2. Auf die Revisionen der Staatsanwaltschaft wird das vorgenannte Urteil mit den Feststellungen aufgehoben,

a) soweit die Angeklagten R. und Re. im Fall D.II. der Urteilsgründe freigesprochen worden sind;

b) soweit die Anordnung der Einziehung des Wertes von Taterträgen im Fall C.I.3.c) der Urteilsgründe gegen den Angeklagten R. hinsichtlich des Kommanditanteils der Einziehungsbeteiligten an der B. I. GmbH & Co. KG unterblieben ist.

3. Es wird festgestellt, dass die Revision der Staatsanwaltschaft gegen das vorgenannte Urteil hinsichtlich der Einziehungsbeteiligten K. GmbH nicht wirksam eingelegt ist.

4. Die weitergehenden Revisionen des Angeklagten R. und der Staatsanwaltschaft werden ebenso wie die Revisionen der Angeklagten Re. und W. sowie der Einziehungsbeteiligten verworfen, die Revision des Angeklagten W. indes mit der Maßgabe, dass der Ausspruch über die Aussetzung der Vollstreckung der Freiheitsstrafe zur Bewährung aufgehoben wird und entfällt.

5. Im Umfang der Aufhebung wird die Sache zu neuer Verhandlung und Entscheidung, auch über die Kosten der Rechtsmittel der Staatsanwaltschaft und, soweit es die Einziehung betrifft, des Angeklagten R. an eine andere Wirtschaftsstrafkammer des Landgerichts zurückverwiesen.

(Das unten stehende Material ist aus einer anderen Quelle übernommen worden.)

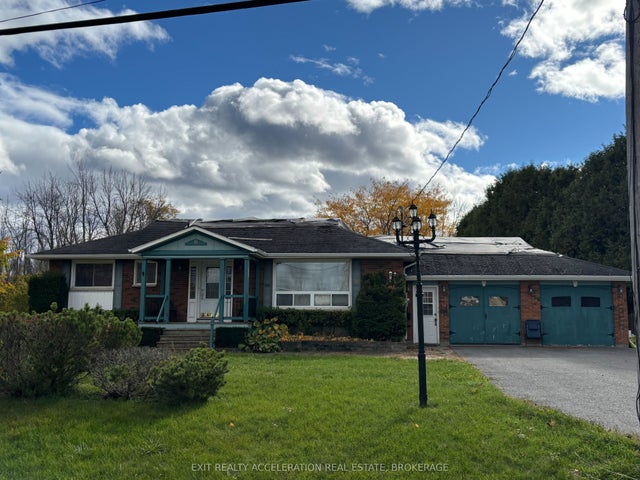 7 Main Street, Loyalist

6. Die Angeklagten Re. und W. sowie die Einziehungsbeteiligte haben jeweils die Kosten ihres Rechtsmittels zu tragen, der Angeklagte R. die weiteren Kosten seines Rechtsmittels. Die dem Angeklagten W. und der Einziehungsbeteiligten durch die sie betreffenden Rechtsmittel der Staatsanwaltschaft entstandenen notwendigen Auslagen trägt die Staatskasse.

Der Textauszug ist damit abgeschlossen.